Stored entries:
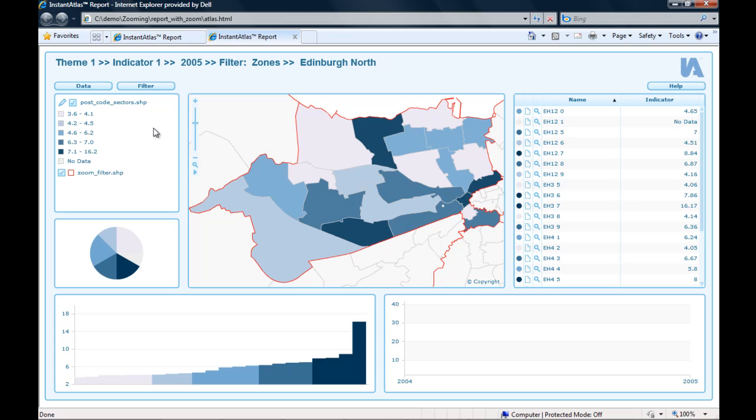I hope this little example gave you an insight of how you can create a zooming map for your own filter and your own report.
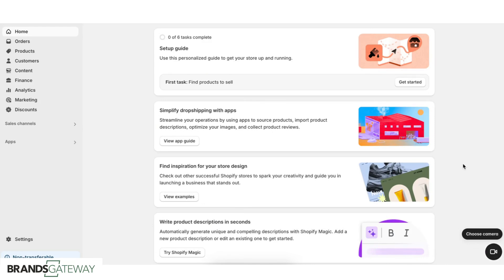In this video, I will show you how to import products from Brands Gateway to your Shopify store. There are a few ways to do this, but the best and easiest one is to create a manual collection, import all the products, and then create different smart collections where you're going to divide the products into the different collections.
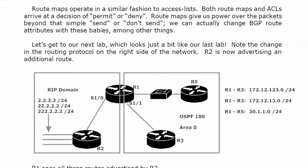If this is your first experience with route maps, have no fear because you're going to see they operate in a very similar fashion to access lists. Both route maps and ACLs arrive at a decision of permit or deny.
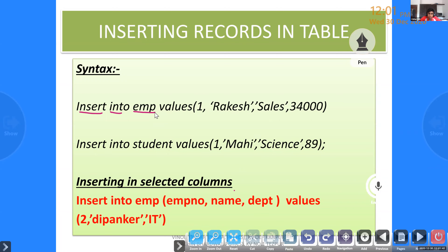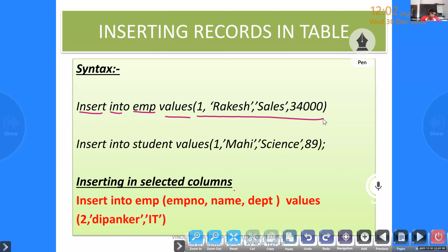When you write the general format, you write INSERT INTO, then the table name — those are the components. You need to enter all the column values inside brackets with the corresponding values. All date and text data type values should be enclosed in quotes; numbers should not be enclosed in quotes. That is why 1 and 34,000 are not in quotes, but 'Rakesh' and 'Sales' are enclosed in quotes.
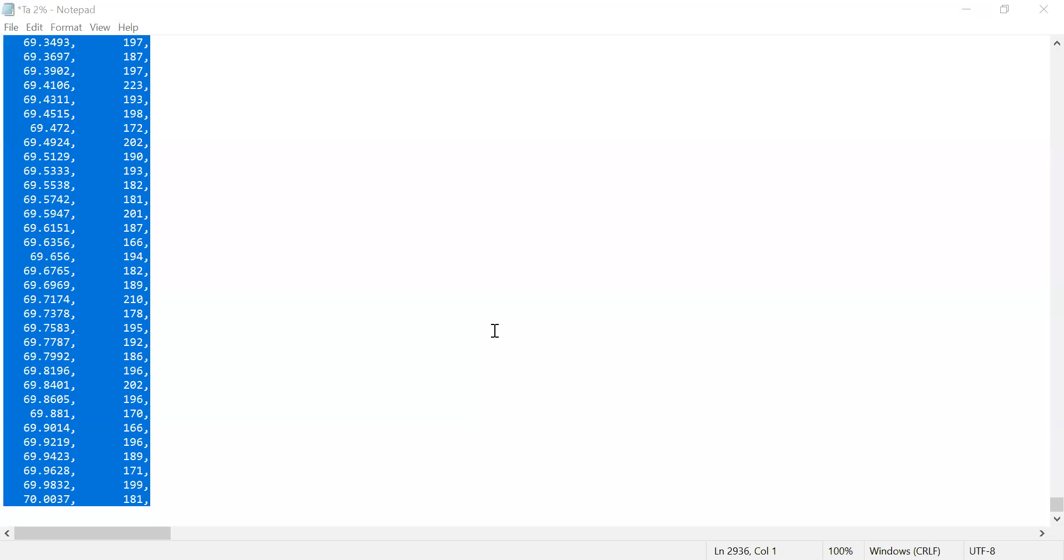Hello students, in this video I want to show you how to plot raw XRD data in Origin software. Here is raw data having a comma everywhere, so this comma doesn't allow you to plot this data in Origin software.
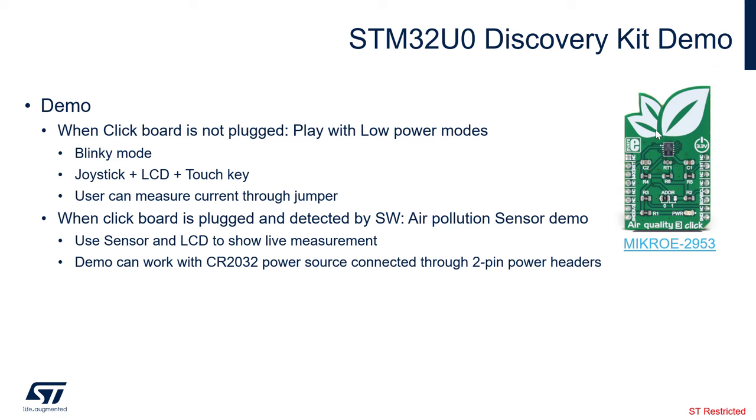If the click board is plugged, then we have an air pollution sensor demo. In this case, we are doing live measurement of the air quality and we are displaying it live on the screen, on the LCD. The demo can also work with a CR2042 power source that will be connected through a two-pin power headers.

#### Task requirements
Leave the pictures out. Transcribe exactly the lines from the one with "In this video, I" through the end of the records.

#### Answer section
In this video, I will show you how to import products from Brands Gateway to your Shopify store. There are a few ways to do this, but the best and easiest one is to create a manual collection, import all the products, and then create different smart collections where you're going to divide the products into the different collections.
If this is your first experience with route maps, have no fear because you're going to see they operate in a very similar fashion to access lists. Both route maps and ACLs arrive at a decision of permit or deny.
When you write the general format, you write INSERT INTO, then the table name — those are the components. You need to enter all the column values inside brackets with the corresponding values. All date and text data type values should be enclosed in quotes; numbers should not be enclosed in quotes. That is why 1 and 34,000 are not in quotes, but 'Rakesh' and 'Sales' are enclosed in quotes.
Hello students, in this video I want to show you how to plot raw XRD data in Origin software. Here is raw data having a comma everywhere, so this comma doesn't allow you to plot this data in Origin software.
If the click board is plugged, then we have an air pollution sensor demo. In this case, we are doing live measurement of the air quality and we are displaying it live on the screen, on the LCD. The demo can also work with a CR2042 power source that will be connected through a two-pin power headers.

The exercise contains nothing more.